* _Task prompt_:
Transcribe the lines exactly, beginning with the one that contains "Azienda in vendita: Attività" and ending with the final line of the records. Do not transcribe pictures.

————

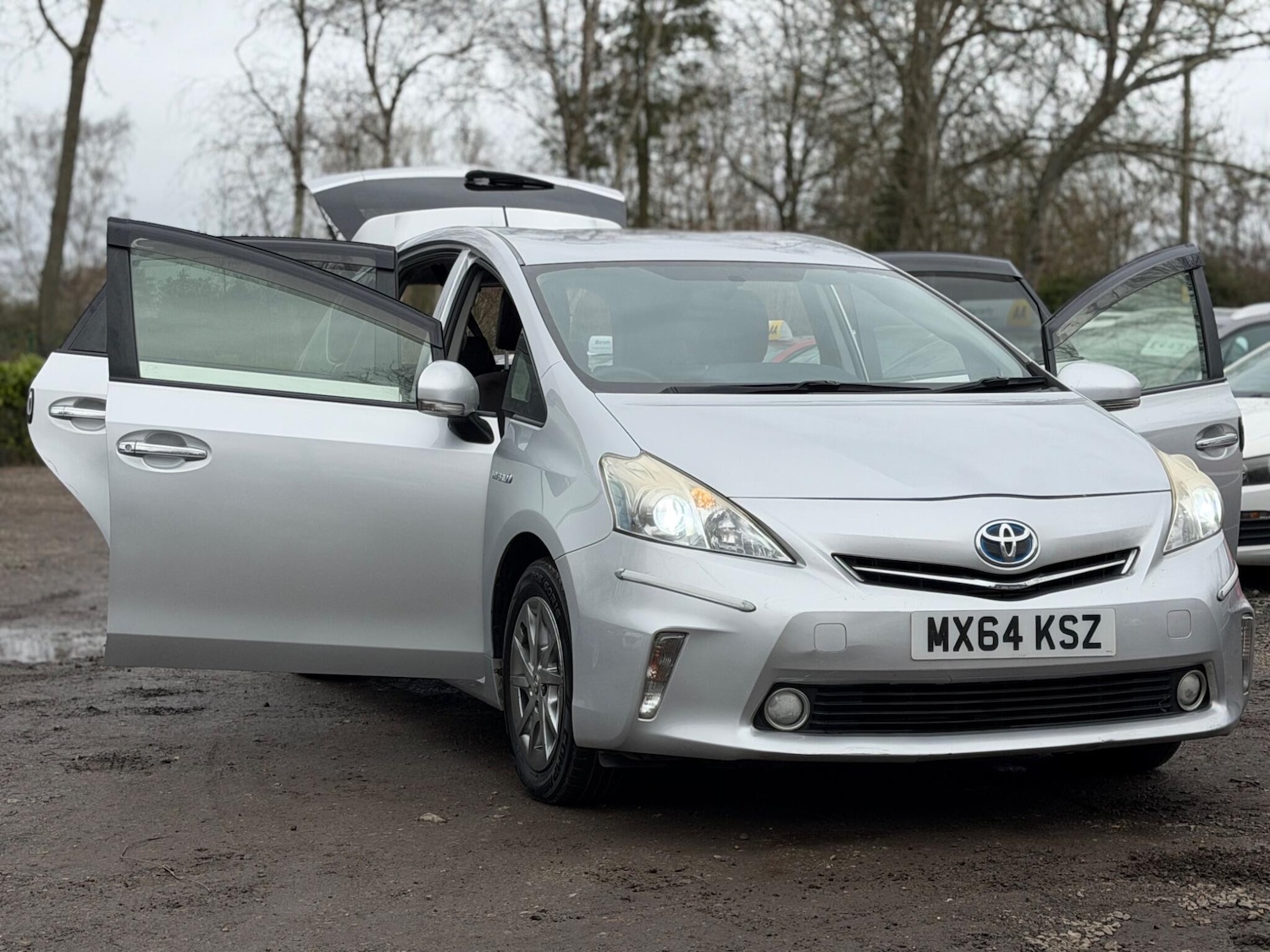 Used Toyota Prius+ 2020 for sale - 77585974: Photo 30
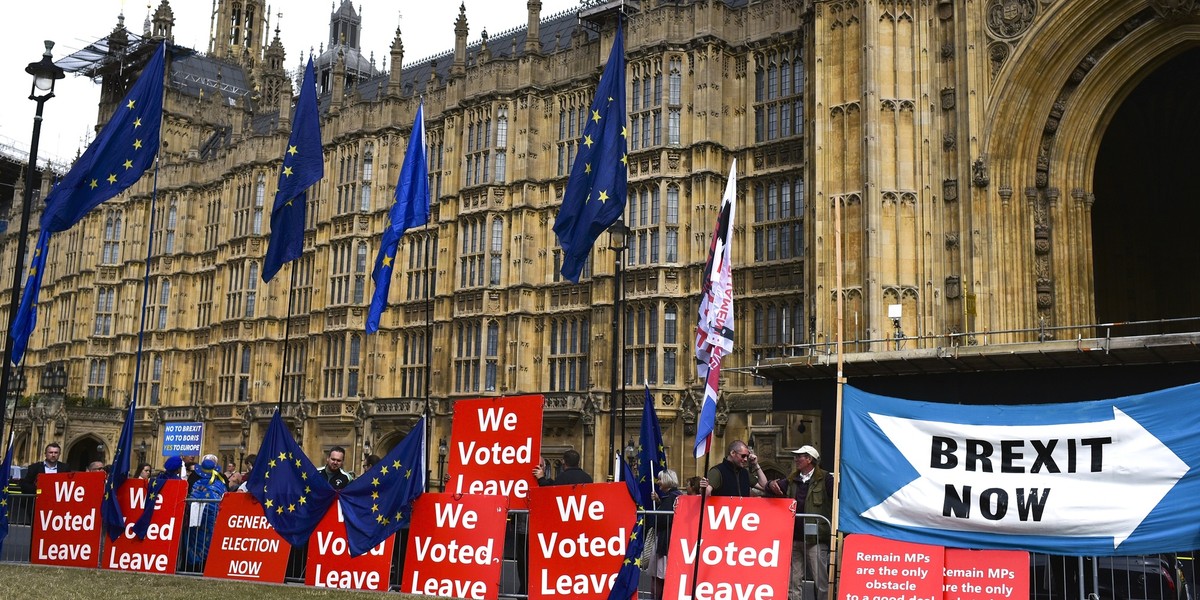 Na razie budżet jest konstruowany przy założeniu, że Unia będzie działać w gronie 27 państw. Ale gdyby do brexitu jednak nie doszło, wieloletnie ramy finansowe musiałyby być finansowe zupełnie inaczej. 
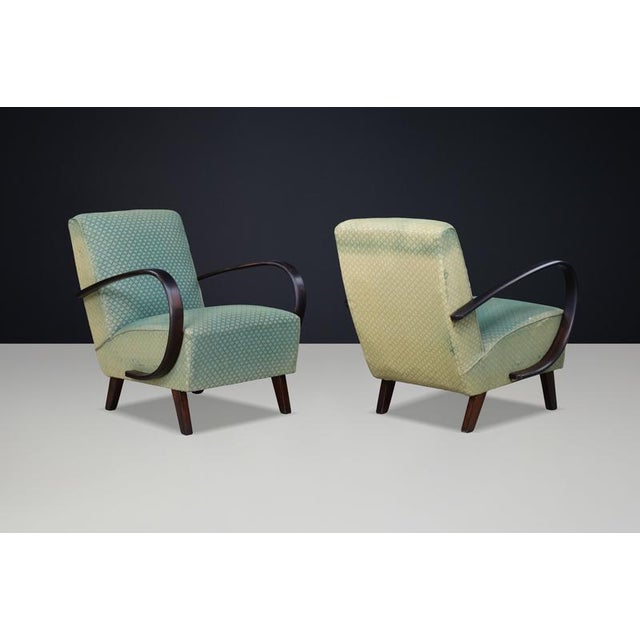 Sculptural Bentwood Lounge Armchairs by Jindřich Halabala, Czechoslovakia, 1940s, Set of 2 For Sale - Image 4 of 17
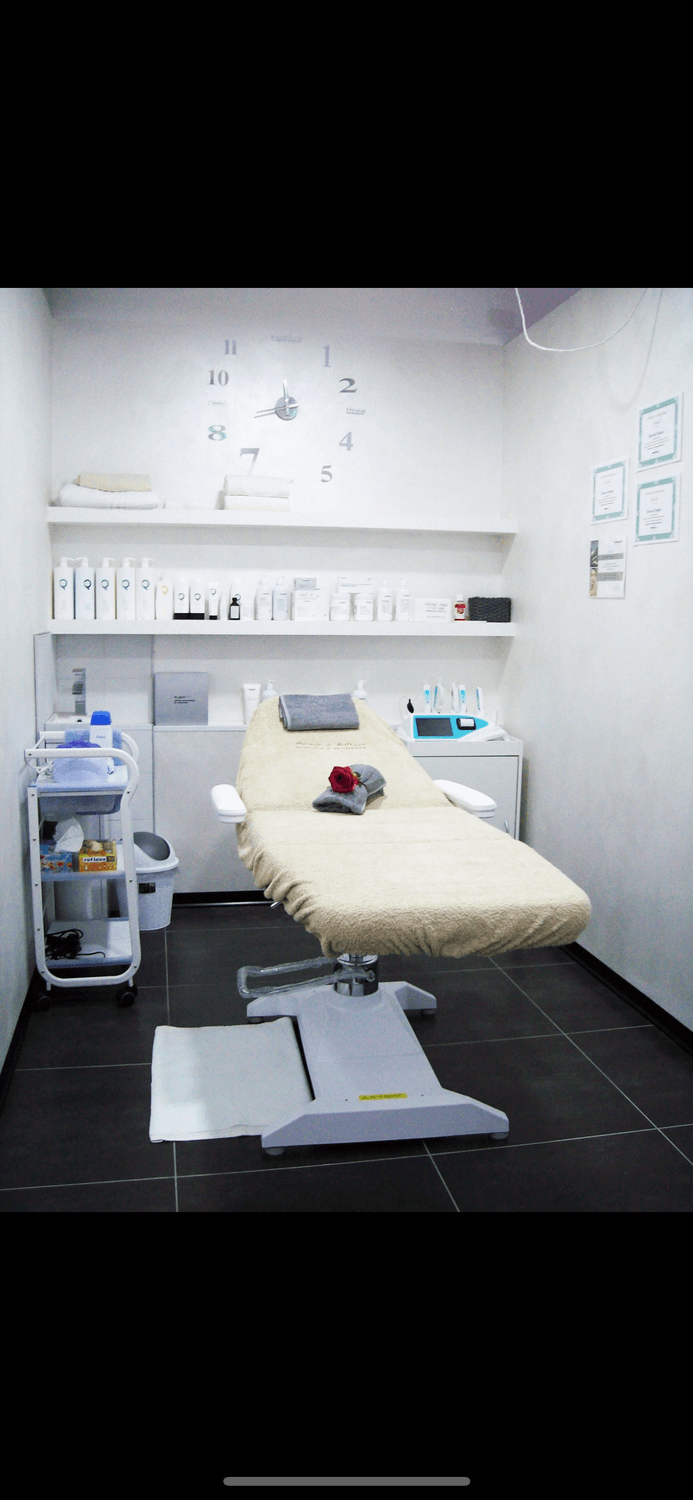 Azienda in vendita: Attività di estetista nel centro storico di Cherasco a Italia - Centri Estetici - Immagine foto 2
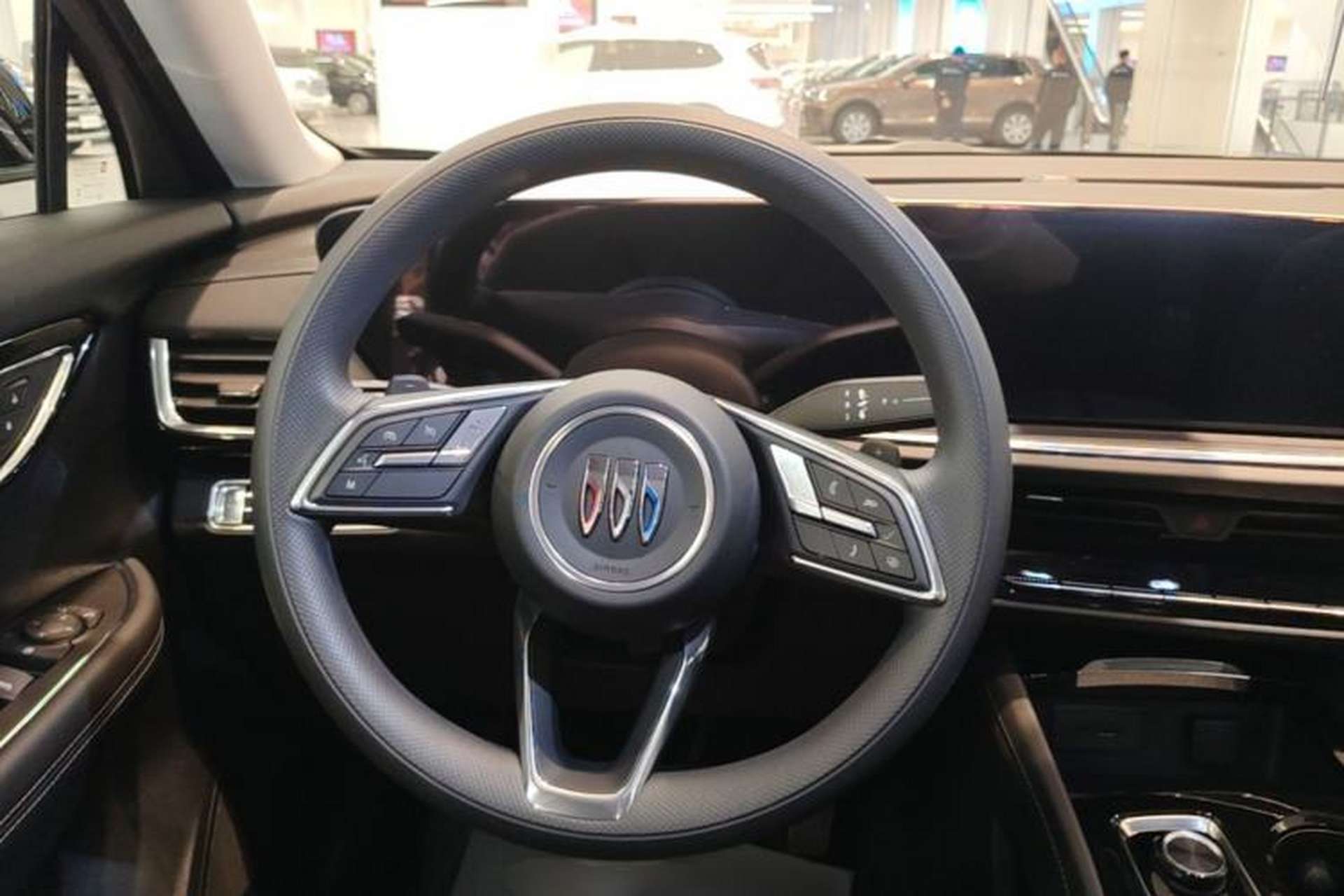 Used Buick Envision 2025 25T Platinum Edition Steering Wheel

————

* _Output for this exercise_:
 Azienda in vendita: Attività di estetista nel centro storico di Cherasco a Italia - Centri Estetici - Immagine foto 2
 Used Buick Envision 2025 25T Platinum Edition Steering Wheel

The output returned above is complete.